Under the Employee Retirement Income Security Act of 1974 (“ERISA”), an employee who prevails in a lawsuit against his insurance company to collect ERISA-governed plan benefits – including life, health, disability or accidental death benefits – is entitled to recover his attorneys’ fees incurred in the lawsuit. The Supreme Court in Hardt v. Reliance Standard Life Insurance Co., 560 U.S. 242, 245 (2010) concluded that a plan participant is eligible to recover “reasonable attorneys’ fees” if he achieved “some degree of success on the merits” of his claim. What constitutes a reasonable fee in an ERISA case will vary greatly depending on the experience and skill of the attorney involved and the complexity of the case. The two main components of a reasonable fee are reasonable hourly rates and reasonable time expenditures.
In the matter of Earl Durham v. Aetna Life Insurance Company, Case No. 8:19-cv-01494-DOC-DFM, the McKennon Law Group PC filed a motion to recover attorneys’ fees after prevailing in the ERISA lawsuit. Aetna had wrongfully terminated our client’s long-term disability benefits based on an improper interpretation of a plan limitation asserting that the alcohol limitation in the plan limited our client’s claim to two years because he had alcohol induced liver damage. Shortly after we filed the complaint asserting that Aetna’s interpretation was wrong, Aetna reversed its denial decision, reinstated our client’s disability claim and paid him all past-due disability benefits. We then filed a motion seeking attorneys’ fees, costs and interest, which Aetna vigorously opposed. In granting the motion, the Court approved hourly rates of $750 for Managing Shareholder Robert McKennon and $525 and $375 for associates Andrea Soliz and Nicholas West, respectively.

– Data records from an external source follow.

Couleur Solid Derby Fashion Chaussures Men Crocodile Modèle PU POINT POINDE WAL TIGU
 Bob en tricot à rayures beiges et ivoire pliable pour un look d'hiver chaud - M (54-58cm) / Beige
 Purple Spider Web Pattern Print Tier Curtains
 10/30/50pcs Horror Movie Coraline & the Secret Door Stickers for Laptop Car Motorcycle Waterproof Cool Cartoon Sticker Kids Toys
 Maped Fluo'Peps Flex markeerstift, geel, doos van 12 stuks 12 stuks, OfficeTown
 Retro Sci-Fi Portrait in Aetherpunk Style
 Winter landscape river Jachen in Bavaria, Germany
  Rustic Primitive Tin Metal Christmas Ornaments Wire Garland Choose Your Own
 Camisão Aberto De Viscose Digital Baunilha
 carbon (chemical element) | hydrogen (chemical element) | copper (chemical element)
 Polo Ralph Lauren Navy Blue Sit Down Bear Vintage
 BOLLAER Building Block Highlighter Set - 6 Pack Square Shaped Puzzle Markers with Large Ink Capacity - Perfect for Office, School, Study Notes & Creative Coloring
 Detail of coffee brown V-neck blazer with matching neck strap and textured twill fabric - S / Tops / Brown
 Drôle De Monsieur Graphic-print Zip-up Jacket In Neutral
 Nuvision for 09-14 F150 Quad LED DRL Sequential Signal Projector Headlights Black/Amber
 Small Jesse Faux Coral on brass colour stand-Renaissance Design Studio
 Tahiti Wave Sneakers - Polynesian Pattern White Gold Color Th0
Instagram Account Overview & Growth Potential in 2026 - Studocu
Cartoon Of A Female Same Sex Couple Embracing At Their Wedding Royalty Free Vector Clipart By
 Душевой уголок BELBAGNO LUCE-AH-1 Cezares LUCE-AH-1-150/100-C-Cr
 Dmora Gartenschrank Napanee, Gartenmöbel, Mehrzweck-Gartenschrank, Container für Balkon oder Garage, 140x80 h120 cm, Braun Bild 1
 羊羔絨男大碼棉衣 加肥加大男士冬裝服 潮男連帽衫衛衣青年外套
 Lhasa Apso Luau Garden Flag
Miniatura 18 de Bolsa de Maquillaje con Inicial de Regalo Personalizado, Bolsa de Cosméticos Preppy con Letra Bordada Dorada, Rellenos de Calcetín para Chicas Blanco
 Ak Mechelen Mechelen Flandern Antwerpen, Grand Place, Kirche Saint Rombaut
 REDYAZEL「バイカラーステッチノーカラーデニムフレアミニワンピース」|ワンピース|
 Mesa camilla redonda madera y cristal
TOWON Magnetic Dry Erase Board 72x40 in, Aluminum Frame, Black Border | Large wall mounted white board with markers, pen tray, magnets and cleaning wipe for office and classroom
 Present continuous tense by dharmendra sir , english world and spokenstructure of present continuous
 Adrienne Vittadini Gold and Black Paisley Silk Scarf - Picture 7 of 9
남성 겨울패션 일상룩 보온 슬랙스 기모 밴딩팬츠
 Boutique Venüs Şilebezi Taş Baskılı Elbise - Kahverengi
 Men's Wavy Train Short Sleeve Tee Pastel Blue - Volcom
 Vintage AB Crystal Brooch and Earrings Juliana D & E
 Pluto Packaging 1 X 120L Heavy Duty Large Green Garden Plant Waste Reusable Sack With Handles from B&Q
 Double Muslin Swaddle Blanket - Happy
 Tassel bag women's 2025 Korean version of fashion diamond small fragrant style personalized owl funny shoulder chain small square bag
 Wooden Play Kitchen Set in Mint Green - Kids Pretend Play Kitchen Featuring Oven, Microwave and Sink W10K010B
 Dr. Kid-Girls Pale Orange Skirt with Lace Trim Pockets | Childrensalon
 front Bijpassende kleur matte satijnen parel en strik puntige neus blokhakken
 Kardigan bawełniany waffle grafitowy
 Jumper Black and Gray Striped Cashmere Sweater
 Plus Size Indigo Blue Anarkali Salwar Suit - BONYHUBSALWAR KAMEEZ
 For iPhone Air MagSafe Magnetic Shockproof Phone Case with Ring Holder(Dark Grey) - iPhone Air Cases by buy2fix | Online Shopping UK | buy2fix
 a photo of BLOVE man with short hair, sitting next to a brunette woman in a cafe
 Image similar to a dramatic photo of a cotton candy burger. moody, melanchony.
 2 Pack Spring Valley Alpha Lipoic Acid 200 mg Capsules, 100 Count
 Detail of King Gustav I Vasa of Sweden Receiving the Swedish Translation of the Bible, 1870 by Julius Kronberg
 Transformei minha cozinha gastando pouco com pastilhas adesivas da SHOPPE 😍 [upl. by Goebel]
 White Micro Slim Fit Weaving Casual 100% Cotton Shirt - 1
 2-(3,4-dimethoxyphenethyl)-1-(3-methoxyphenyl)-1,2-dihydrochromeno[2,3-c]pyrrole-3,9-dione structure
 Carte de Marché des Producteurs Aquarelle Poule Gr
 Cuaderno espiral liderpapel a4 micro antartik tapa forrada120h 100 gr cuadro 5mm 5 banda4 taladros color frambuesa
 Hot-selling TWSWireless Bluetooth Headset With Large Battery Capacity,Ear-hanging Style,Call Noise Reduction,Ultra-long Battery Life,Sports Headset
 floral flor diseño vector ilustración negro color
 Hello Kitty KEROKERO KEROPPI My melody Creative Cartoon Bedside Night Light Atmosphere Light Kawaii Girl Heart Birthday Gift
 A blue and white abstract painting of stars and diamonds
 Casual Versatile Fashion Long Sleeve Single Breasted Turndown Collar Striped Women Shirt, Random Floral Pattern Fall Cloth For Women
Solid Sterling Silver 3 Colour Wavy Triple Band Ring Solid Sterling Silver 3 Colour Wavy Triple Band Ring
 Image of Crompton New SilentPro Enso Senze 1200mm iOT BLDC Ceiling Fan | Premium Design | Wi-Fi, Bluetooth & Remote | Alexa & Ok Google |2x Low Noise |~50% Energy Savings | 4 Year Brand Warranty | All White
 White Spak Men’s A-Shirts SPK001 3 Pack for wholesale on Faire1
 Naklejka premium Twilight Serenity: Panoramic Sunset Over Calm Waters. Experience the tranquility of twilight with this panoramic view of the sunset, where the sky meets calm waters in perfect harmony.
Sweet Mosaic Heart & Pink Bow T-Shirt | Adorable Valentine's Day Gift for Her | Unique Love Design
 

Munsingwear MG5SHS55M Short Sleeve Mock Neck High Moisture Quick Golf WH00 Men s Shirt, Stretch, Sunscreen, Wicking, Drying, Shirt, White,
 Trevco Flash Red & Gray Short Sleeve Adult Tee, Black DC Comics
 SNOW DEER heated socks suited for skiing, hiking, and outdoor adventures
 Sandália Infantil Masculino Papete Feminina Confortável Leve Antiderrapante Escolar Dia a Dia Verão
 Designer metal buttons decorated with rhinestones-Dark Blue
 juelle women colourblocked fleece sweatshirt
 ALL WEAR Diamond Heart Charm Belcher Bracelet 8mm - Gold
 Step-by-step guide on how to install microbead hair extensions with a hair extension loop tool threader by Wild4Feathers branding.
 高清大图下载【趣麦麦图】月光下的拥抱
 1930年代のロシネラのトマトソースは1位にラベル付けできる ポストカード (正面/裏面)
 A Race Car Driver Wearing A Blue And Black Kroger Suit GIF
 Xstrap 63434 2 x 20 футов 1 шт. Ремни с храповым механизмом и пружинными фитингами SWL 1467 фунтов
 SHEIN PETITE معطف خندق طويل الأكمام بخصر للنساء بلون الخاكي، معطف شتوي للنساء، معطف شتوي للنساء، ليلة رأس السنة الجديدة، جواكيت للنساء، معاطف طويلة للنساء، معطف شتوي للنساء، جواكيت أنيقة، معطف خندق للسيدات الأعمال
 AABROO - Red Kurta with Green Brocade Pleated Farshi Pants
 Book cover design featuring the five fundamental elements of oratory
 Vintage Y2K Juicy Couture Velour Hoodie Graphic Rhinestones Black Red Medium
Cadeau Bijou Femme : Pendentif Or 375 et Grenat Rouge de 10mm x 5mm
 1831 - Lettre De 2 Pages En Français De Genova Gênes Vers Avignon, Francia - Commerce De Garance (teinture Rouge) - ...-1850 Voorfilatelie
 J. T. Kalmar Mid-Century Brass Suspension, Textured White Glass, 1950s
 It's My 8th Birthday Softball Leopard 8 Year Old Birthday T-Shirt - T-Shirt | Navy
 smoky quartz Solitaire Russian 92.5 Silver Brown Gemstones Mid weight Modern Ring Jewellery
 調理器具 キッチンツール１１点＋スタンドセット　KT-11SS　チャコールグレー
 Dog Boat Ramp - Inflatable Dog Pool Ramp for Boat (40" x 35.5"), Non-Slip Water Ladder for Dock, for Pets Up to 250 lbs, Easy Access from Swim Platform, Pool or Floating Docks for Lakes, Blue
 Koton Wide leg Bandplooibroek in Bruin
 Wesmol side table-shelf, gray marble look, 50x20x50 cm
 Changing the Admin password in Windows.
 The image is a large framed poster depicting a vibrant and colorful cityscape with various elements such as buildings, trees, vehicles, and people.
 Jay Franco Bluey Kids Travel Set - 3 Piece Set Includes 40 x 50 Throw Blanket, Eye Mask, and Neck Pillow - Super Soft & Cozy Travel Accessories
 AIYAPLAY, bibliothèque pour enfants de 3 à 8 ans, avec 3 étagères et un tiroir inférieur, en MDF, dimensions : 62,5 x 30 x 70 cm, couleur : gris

The Court found that our client had achieved “some degree of success on the merits” because Aetna ultimately reinstated his LTD claim, issued payment for past-due benefits and continued to pay benefits. The Court concluded, “Durham litigated his claim and caused Aetna to reconsider its position and grant him his benefits, thereby obtaining full relief through settlement.” The Court also rejected several of Aetna’s arguments for a reduction of fees, including that our client should not recover fees for work done after the administrative denial but prior to filing the Complaint. Aetna’s argument was based on the well-settled principle that recovery under ERISA is limited to work done in connection with a formal action. Cann v. Carpenter’s Pension Trust Fund for Northern California, 989 F.2d 313, 316 (9th Cir. 1993). Aetna claimed that McKennon Law Group PC’s work done after the administrative denial but five months prior to filing the lawsuit was not done in connection with the formal action. The Court disagreed and determined that all of McKennon Law Group PC’s pre-filing efforts were in direct pursuance of the litigation and were, thus, recoverable. The Court also rejected Aetna’s argument that fees incurred after Aetna made a $35,000 settlement offer were not compensable, finding that there was no precedent to support this argument and that Aetna’s $35,000 offer was not reasonable. In the end, the Court awarded our client almost $90,000 in fees, costs and interest.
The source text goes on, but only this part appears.